Former Mets reliever Jenrry Mejia accuses MLB of conspiring to ban him from baseball.

PORT ST. LUCIE — While declining to address Jenrry Mejia, his case or his recent allegations that MLB railroaded him into his third PED suspension and that the union rolled over on his case, MLB Players Association executive director Tony Clark said that the union did not hear those allegations during the process.

“Obviously in any case, any joint drug agreement case, has a start and has a either an end related to an arbitration hearing or a settlement, so there are opportunities to communicate throughout,” Clark said of the union’s involvement in Mejia’s case. “Those concerns weren’t anything we were aware of during the course of this process.”

Mejia became the first player to receive a lifetime ban under the current joint drug agreement between MLB and the union because of a third positive PED test last month.

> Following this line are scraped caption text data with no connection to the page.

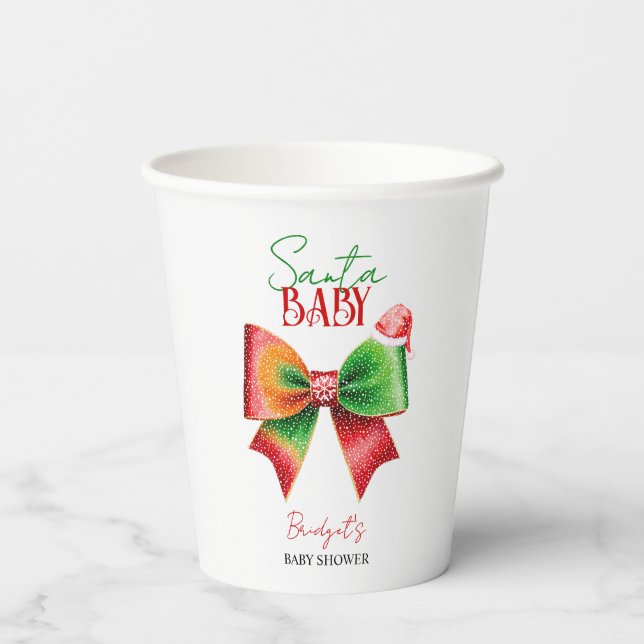 Santa Baby shower bow and Santa hat Christmas Pappbecher (Rückseite)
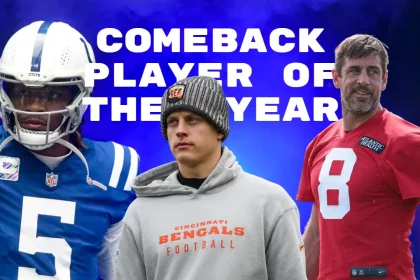 FootballR - NFL - Eine Grafik mit den NFL-Stars Rodgers, Burrow und einem weiteren Spieler in unterschiedlichen Uniformen links, in der Mitte und rechts vor einem blauen, rauchigen Hintergrund. Über ihnen steht in fettem Weiß „NFL COMEBACK PLAYER OF THE YEAR“. Der Spieler links trägt einen weißen Helm und ein blaues Trikot, der Spieler in der Mitte eine Beanie und einen grauen Kapuzenpullover und der Spieler rechts ein rotes Trainingstrikot Diese Beschreibung wurde automatisch generiert.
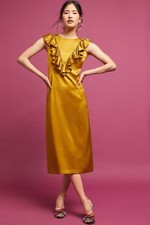 NEW Anthropologie Ruffled Satin Midi Dress by Seen Worn Kept Size 4 (Orig. $138)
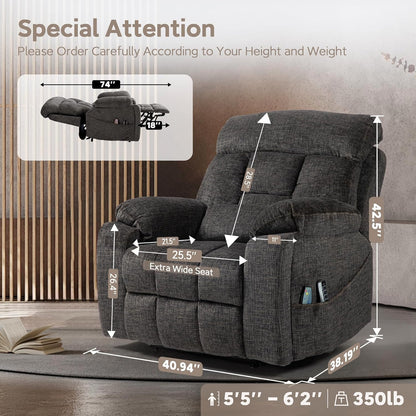 Lazy Boy Recliner Chair with Heated and Massage, 4 Motor Headrest, Lumbar Independent Adjustment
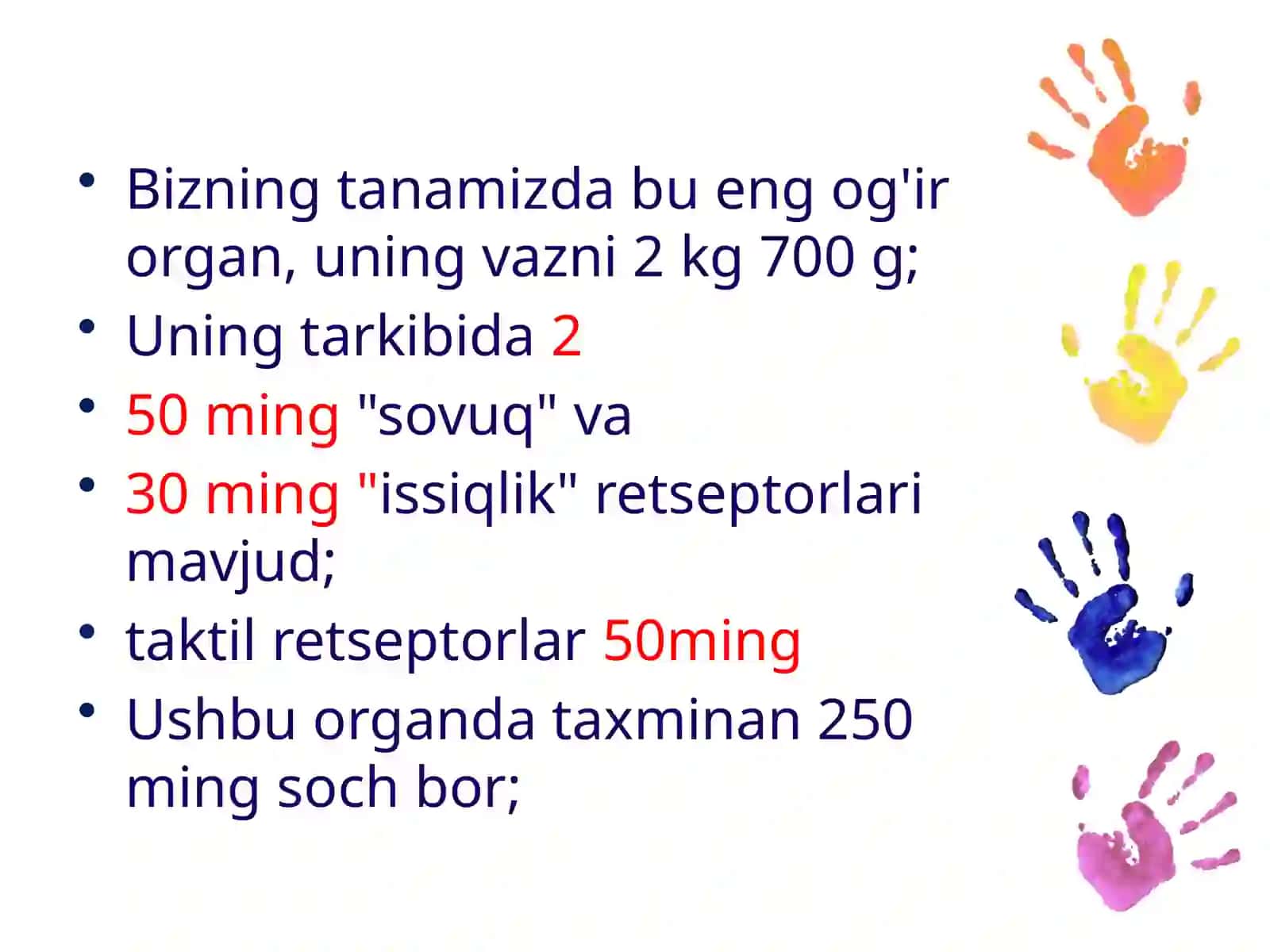 Teri analizatorining yoshga oid xususiyati va gigiyenasi. Bolalar va o’smirlar salomatligiga ta’sir etuvchi omillar 4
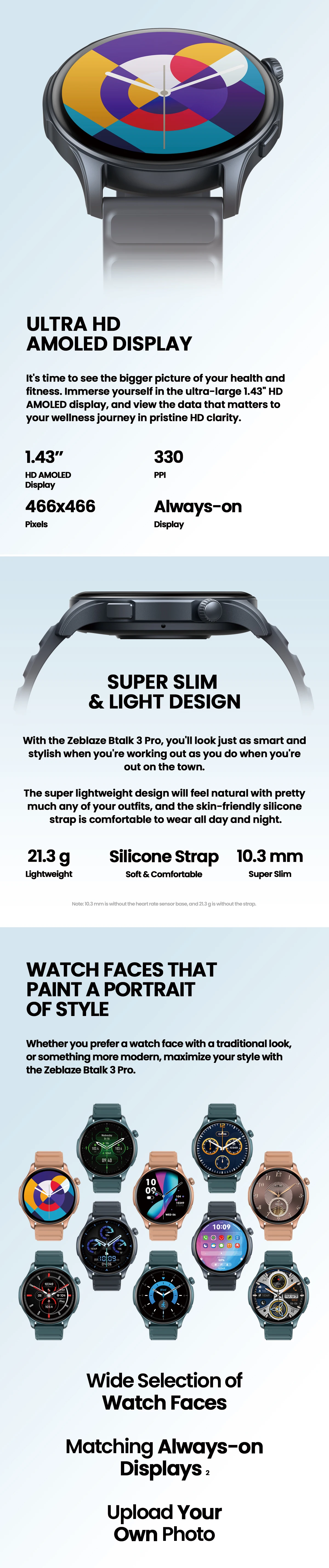 Neue zeblaze btalk 3 pro smart watch 1.43 "amoled display bluetooth telefonate smartwatch gesundheit und fitness tracking – Detail 2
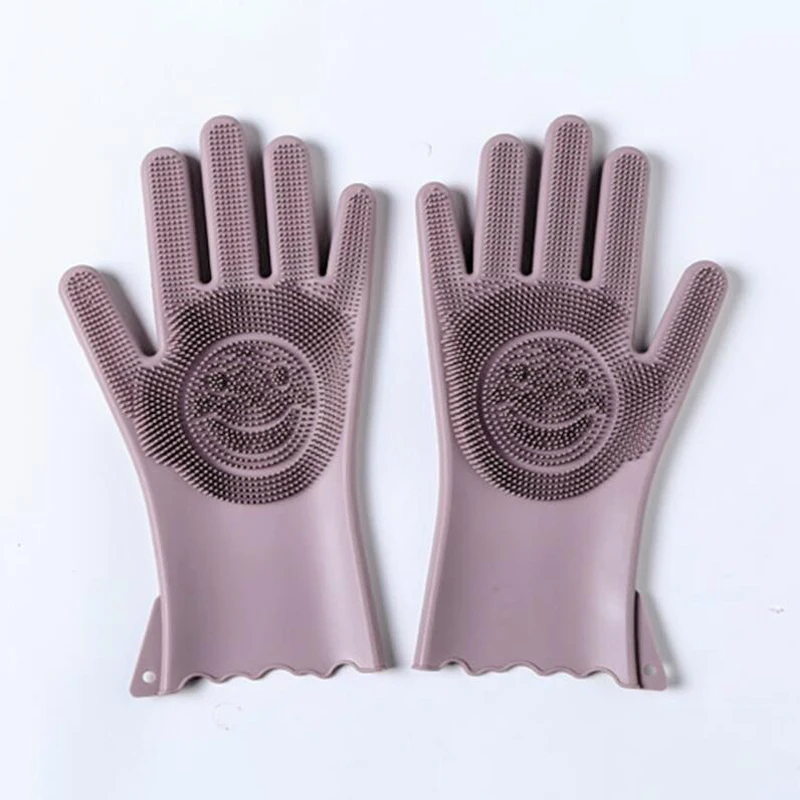 Розовый Kitchen Silicone Dishes Washing Glove with Cleaning Brush Garden Housekeeping Magic Silicone Scrubber Rubber Dishwashing Gloves - Цвет: Розовый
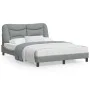 Light gray fabric bed frame with headboard 140x190 cm by , Beds and slatted bases - Ref: Foro24-3207765, Price: 197,76 €, Dis...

He can appeal the decision after one year, but must serve at least two years of the suspension.

The former Mets closer alleged that when he tested positive for anabolic steroids the second time in 2015 that MLB investigators set him up for the third positive test.

Speaking through an interpreter in his native Dominican Republic, Mejia told the New York Times that baseball officials told him if he filed an appeal after his second positive test (in 2015), MLB would “find a way to find a third positive.” Mejia also said the union did not represent him properly.

“We are obviously committed to do everything we can to represent players. Always have, always will,” Clark said.